For almost one hundred years prior to Tabamantia’s inspection, Van and his associates, from their highland headquarters of world ethics and culture, had been preaching the advent of a promised Son of God, a racial uplifter, a teacher of truth, and the worthy successor of the traitorous Caligastia. Though the majority of the world’s inhabitants of those days exhibited little or no interest in such a prediction, those who were in immediate contact with Van and Amadon took such teaching seriously and began to plan for the actual reception of the promised Son.
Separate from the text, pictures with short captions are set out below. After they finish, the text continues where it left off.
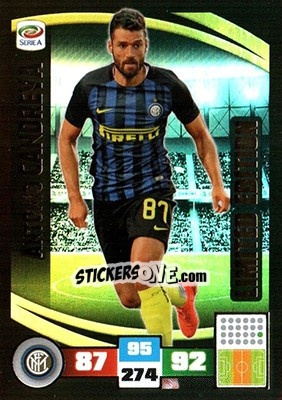 Sticker Antonio Candreva - Calciatori 2016-2017. Adrenalyn XL n. LE-AC - Panini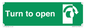 SA403: Turn clockwise to open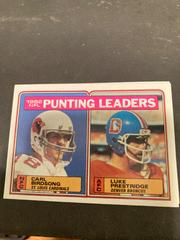 C.Birdsong, L.Prestridge [Punting Leaders] Football Cards 1983 Topps Prices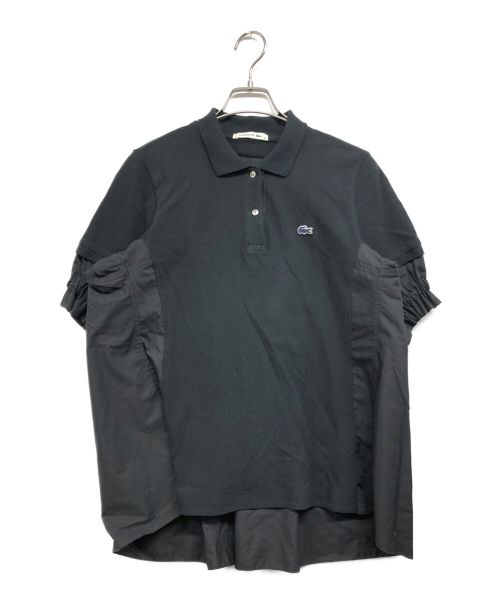 【中古・古着通販】LACOSTE (ラコステ) sacai (サカイ) ドッキングポロシャツ ブラック サイズ:38｜ブランド・古着通販  トレファク公式【TREFAC FASHION】スマホサイト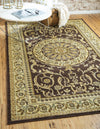 Versailles Elegance Collection Area Rug -  Montreuil Rectangle Brown  lifestyle 5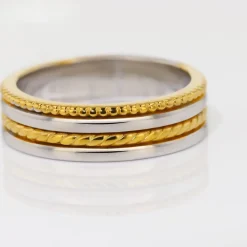 Histoire d'Or Alliance Leandro Ruban Argent Bicolore Outlet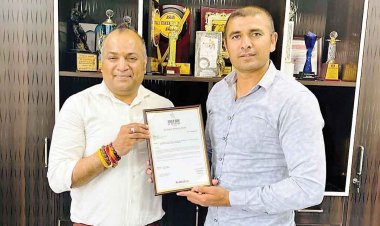 वल्र्ड बुक ऑफ रिकॉर्ड यूके ने नवाजे अजय ठाकुर, अकादमी खोलने में भी करेंगे मदद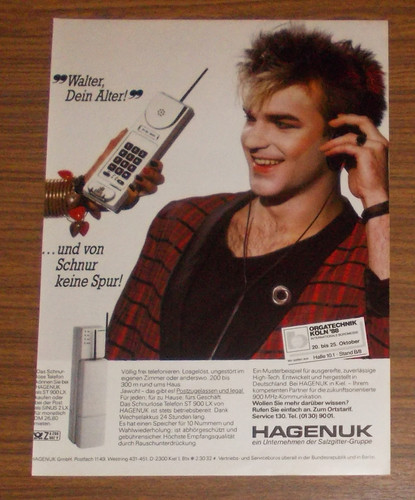 Seltene werbung hagenuk 900 - seltene,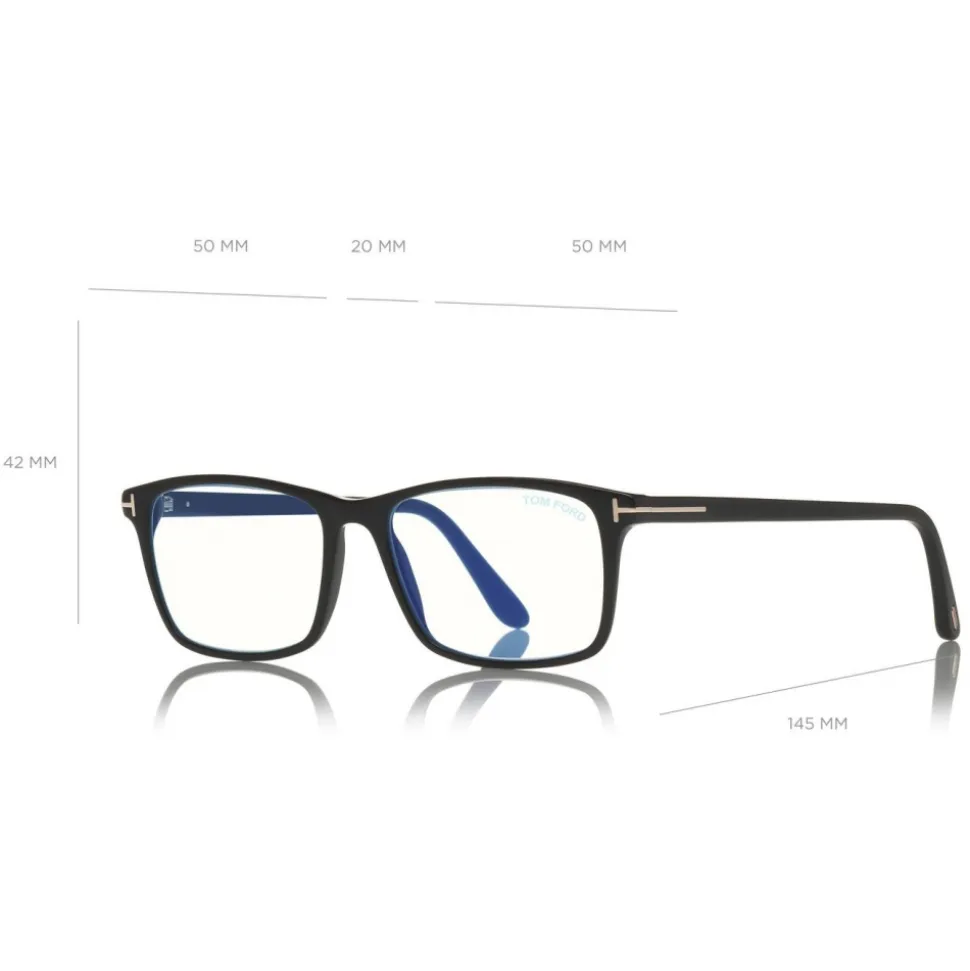 Tom Ford - Square Optical Glasses - Square Optical Glasses - Black - FT5584-B – Optical Glasses - Tom Ford Eyewear - Avvenice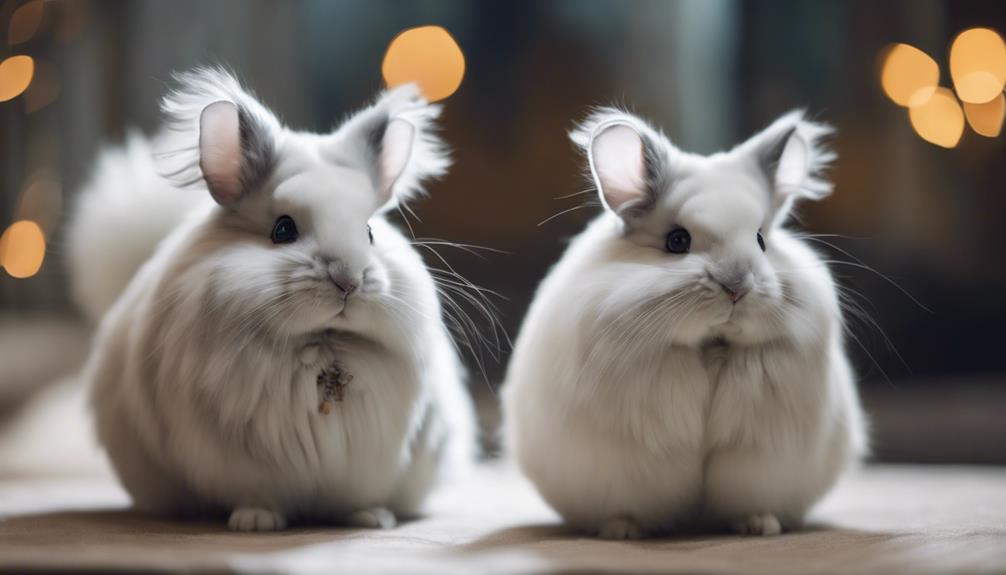 gentle persian angora cats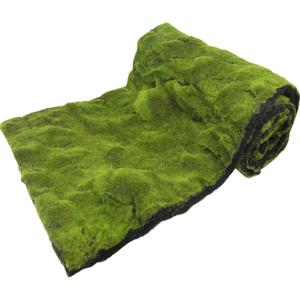 FAICOIA Fake Moss Rug Table Runner Green Moss Roll for Fairy Gardens Grass Wedding Woodland Table Decor Artificial Moss for Indoor Plants Crafts 20" x 79" Green Moss for Decorating Wall 50 x 200cm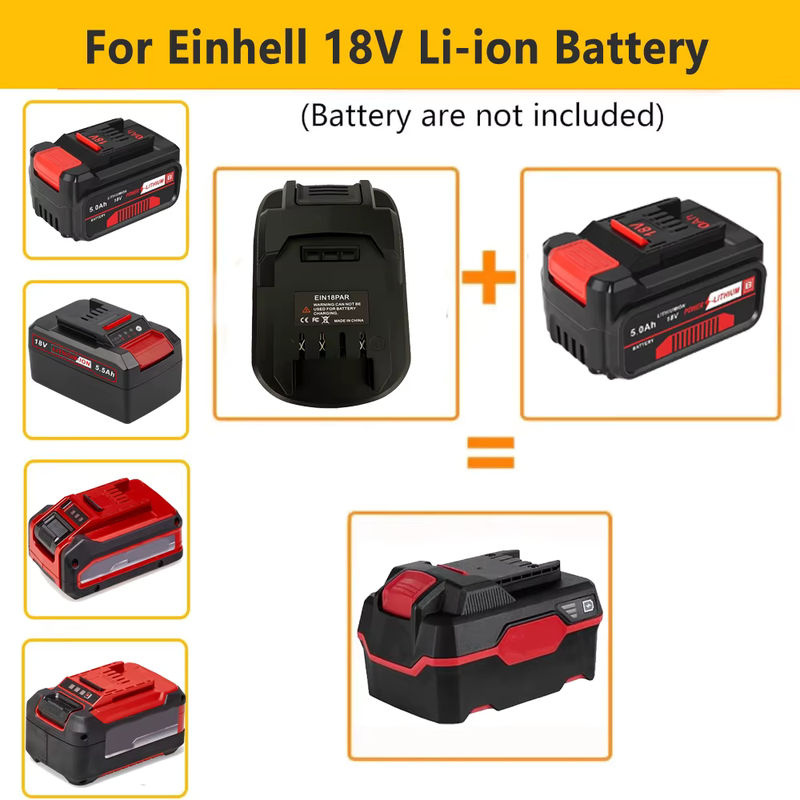 Einhell Batterieadapter EIN18PAR für 18V Li-Ionen-Akkus in Schwarz - Bild 5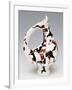 Jug-Shaped Vase, Polychrome Ceramic Decorated with Horse and Rider, Italy-null-Framed Giclee Print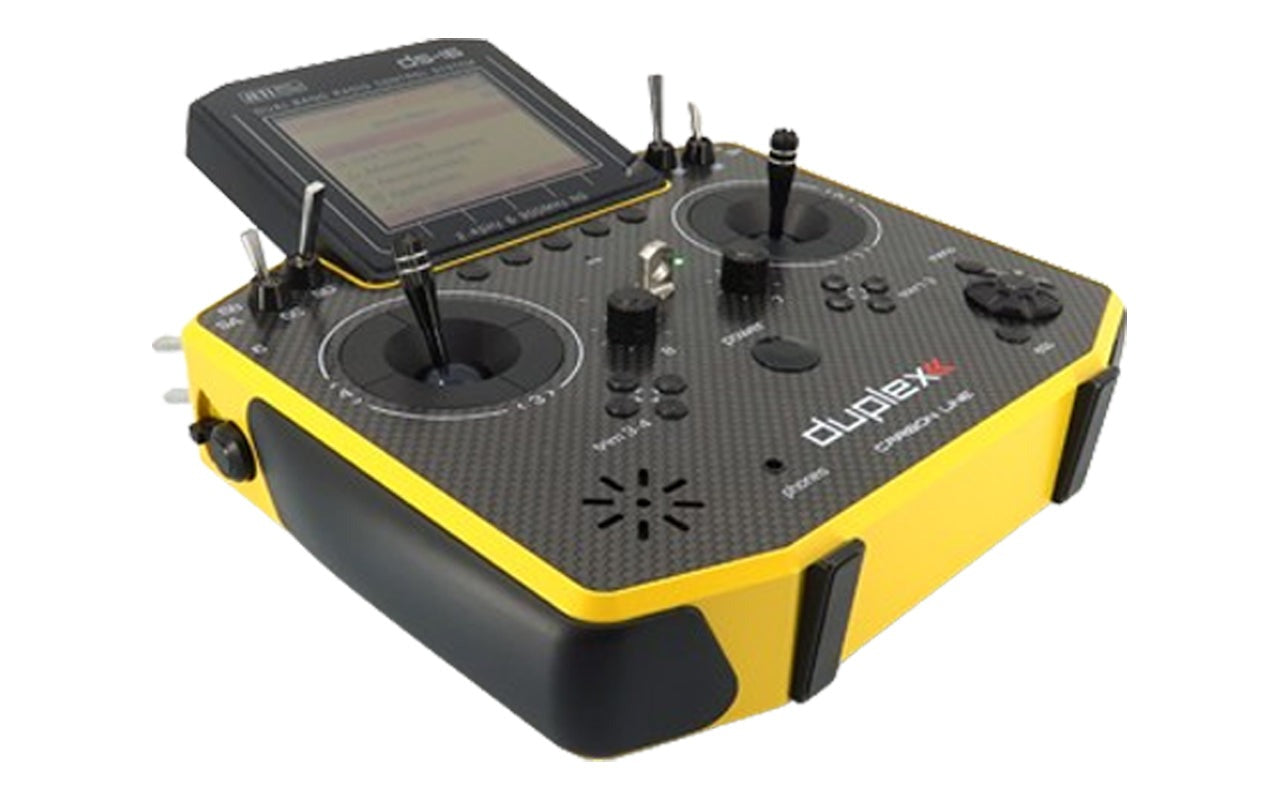 Jeti Duplex DS-16 G2 Carbon YELLOW 2.4GHz/900MHz w/Rx R10, Aluminum Tx ...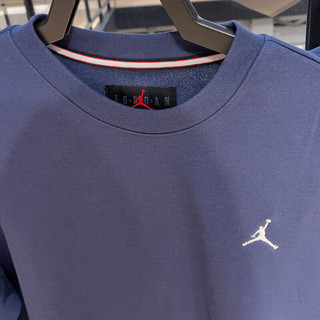 耐克（NIKE）卫衣男装2024春秋款JORDAN训练运动服外套圆领休闲套头衫 HF1118-410 M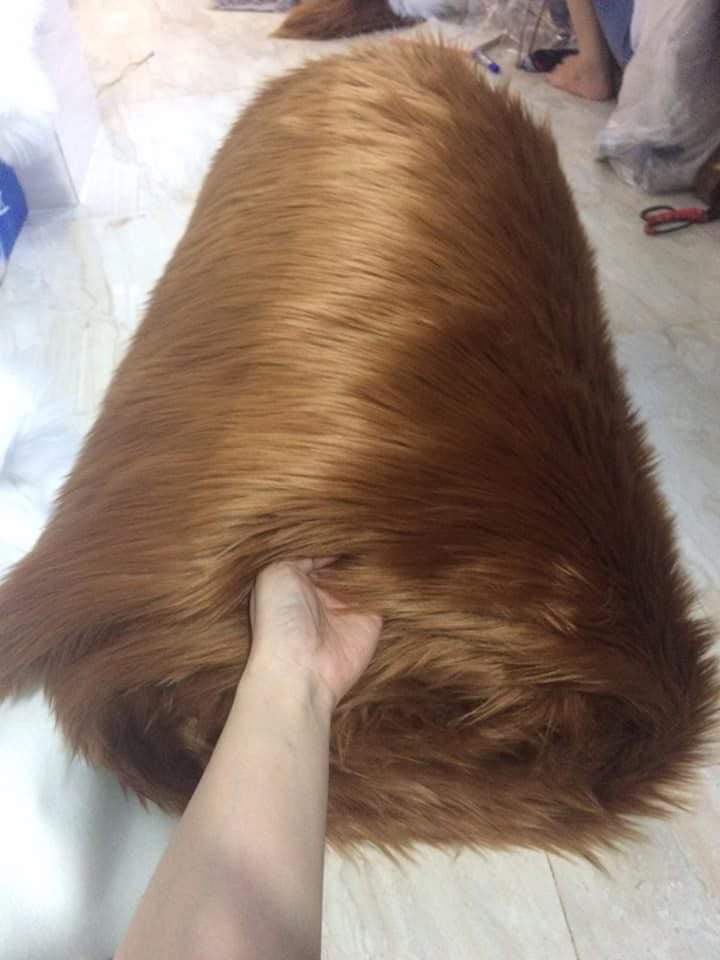 Thảm lông trải bàn trang điểm - Thảm lông chụp ảnh sản phẩm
Van told his nearest associates the story of the Material Sons on Jerusem; what he had known of them before ever he came to Urantia. He well knew that these Adamic Sons always lived in simple but charming garden homes and proposed, eighty-three years before the arrival of Adam and Eve, that they devote themselves to the proclamation of their advent and to the preparation of a garden home for their reception.
From their highland headquarters and from sixty-one far-scattered settlements, Van and Amadon recruited a corps of over three thousand willing and enthusiastic workers who, in solemn assembly, dedicated themselves to this mission of preparing for the promised—at least expected—Son.
Van divided his volunteers into one hundred companies with a captain over each and an associate who served on his personal staff as a liaison officer, keeping Amadon as his own associate. These commissions all began in earnest their preliminary work, and the committee on location for the Garden sallied forth in search of the ideal spot.
Although Caligastia and Daligastia had been deprived of much of their power for evil, they did everything possible to frustrate and hamper the work of preparing the Garden. But their evil machinations were largely offset by the faithful activities of the almost ten thousand loyal midway creatures who so tirelessly labored to advance the enterprise.